826. dzień wojny. Idą na Donbas. Jak Rosjanie łóżka ścielą, czyli skąd się wzięli politrucy
Okazało się, że największym na świecie znawcą ukraińskiej konstytucji jest Władimir Putin. I choć przyznał, że w stanie nadzwyczajnym wybory się zawiesza, to dokonał przełomowego odkrycia: nie zapisano w niej, iż prezydencka władza wówczas się wydłuża. Czyli: nie wybiera się nowego prezydenta, ale dotychczasowy przestaje nim być. Państwo nie ma przywódcy, nikt nie podejmuje decyzji.
Retoryka Kremla idzie w tym kierunku: jesteśmy gotowi na rozmowy z prezydentem Ukrainy, ale nie jest nim Wołodymyr Zełenski. Czyli tak naprawdę Moskwa rozmawiać nie będzie, co zresztą przewidywaliśmy. Na razie nie ma w tym interesu, ale ciekawe, co będzie, kiedy zacznie się jej kończyć ciężki sprzęt. Podejrzewamy, że i wtedy zawieszenia broni nie będzie, po prostu zmniejszą tempo działań do poziomu z 2015–22 i będą odtwarzać zapasy. Nie dadzą okazji, by przyjąć Ukrainę do NATO i UE.

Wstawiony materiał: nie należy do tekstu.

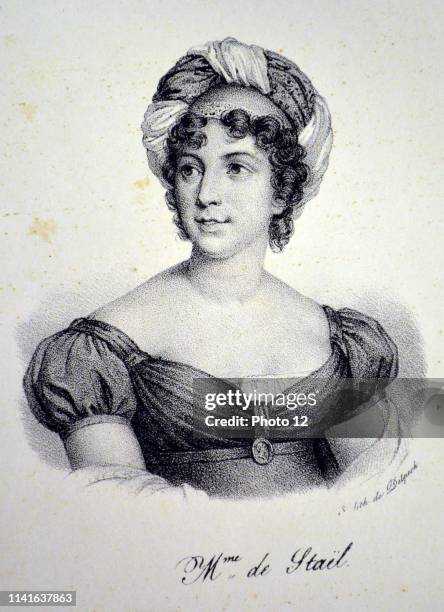 Anne Louise Germaine de Stael Swiss writer and heiress of Jacques Necker, Finance minister to Louis XVI. Lithograph, Paris, c1840.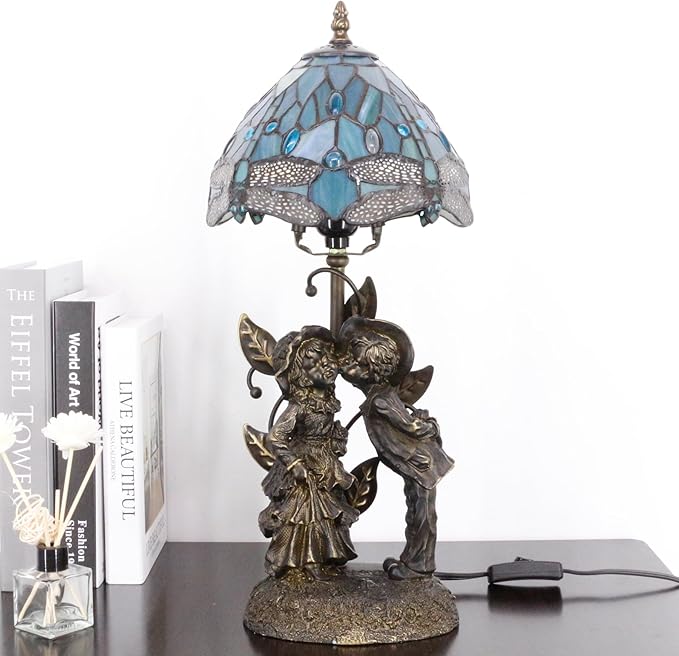 Table Lamp Base Replacement Only, Wide 7 Height 19 Inch, Fit for 8, 10, 12 Inch Tiffany Style Stained Glass Lampshade, Dark Bronze Finish,Resin, Push Switch On Cord(G (W7H19 Inch))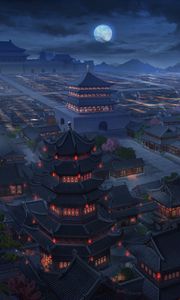 Preview wallpaper pagodas, buildings, architecture, night, aerial view, art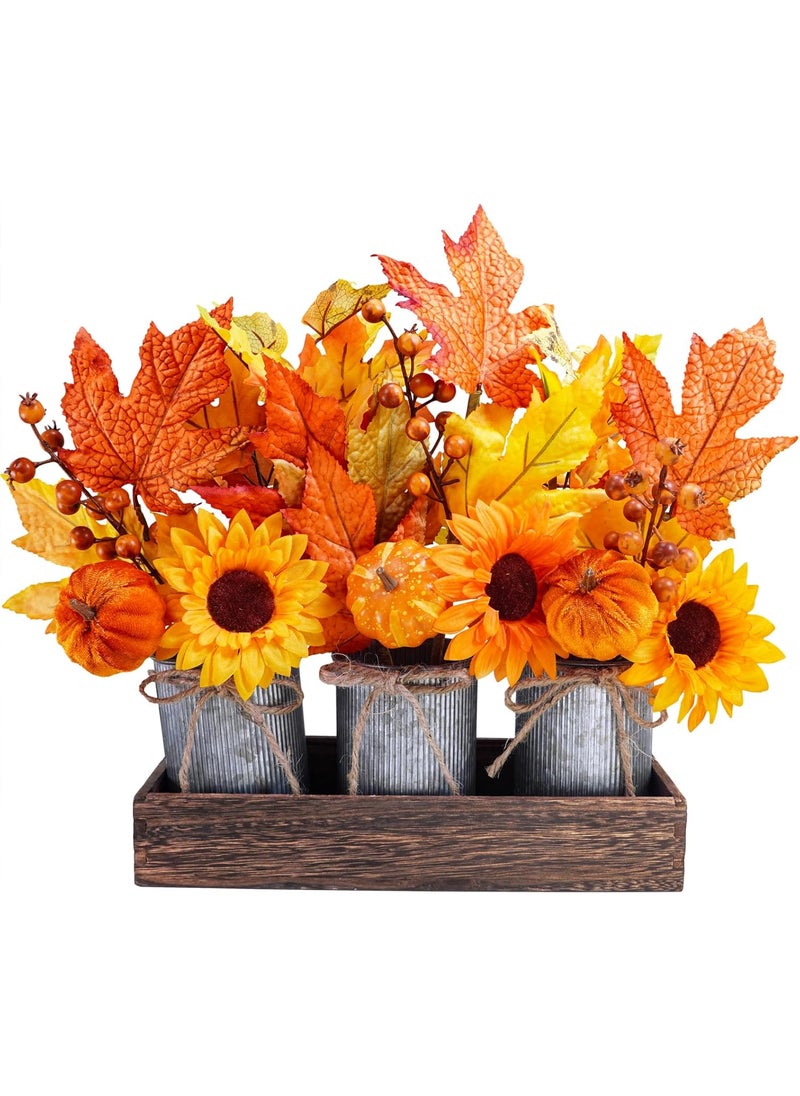 Winlyn Winlyn Set of 3 Small Potted Maple Arrangement Artificial Maple Leaf Branches Faux Fall Picks and Sprays in Rustic Galvanized Metal Pots with Decorative Wood Tray  - Image 1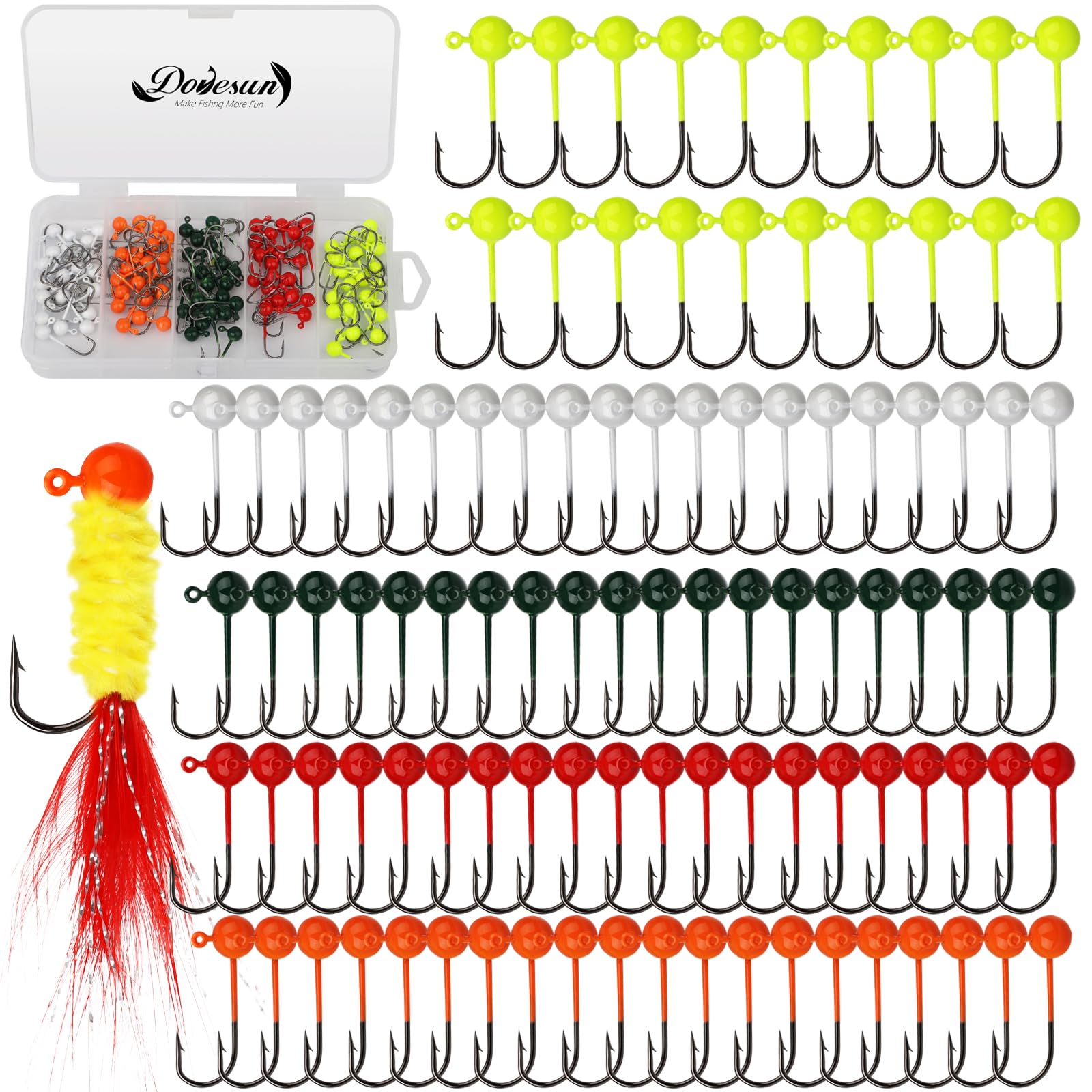 Dovesun 100pcs Fly Tying Jigs Kit, Jig Heads for Fly Fishing 1/124oz 1/80oz 1/64oz 1/32oz 1/16oz Jig Head Small Fly Fishing Hooks DIY Lure Making Kit Suit for Tying Flies | Crappie Lures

To manewr: Rosjanie chcą wmówić naiwnym, że są gotowi na rozmowy pokojowe, gdy w istocie nie są nimi zainteresowani. Po co? Czekają na upadek Ukrainy i niezmiennie do tego dążą, wierząc, że w końcu nastąpi, choćby z powodu wyczerpania rezerw. Albo złamania morale. Dawno nie było doniesień o rosyjskich zbrodniach, bo nie są obecnie odkrywane przy okazji odbijania terenów, więc ludziom zdarza się myśleć, że może da się z nimi jakoś ułożyć. W Białorusi bis też da się żyć...
Na frontach sytuacja bez większych zmian. Więcej o tym jutro. Czekamy na podjęcie ofensywy Rosjan w Donbasie. Pierwsze oznaki, że się zbliża, już niestety są.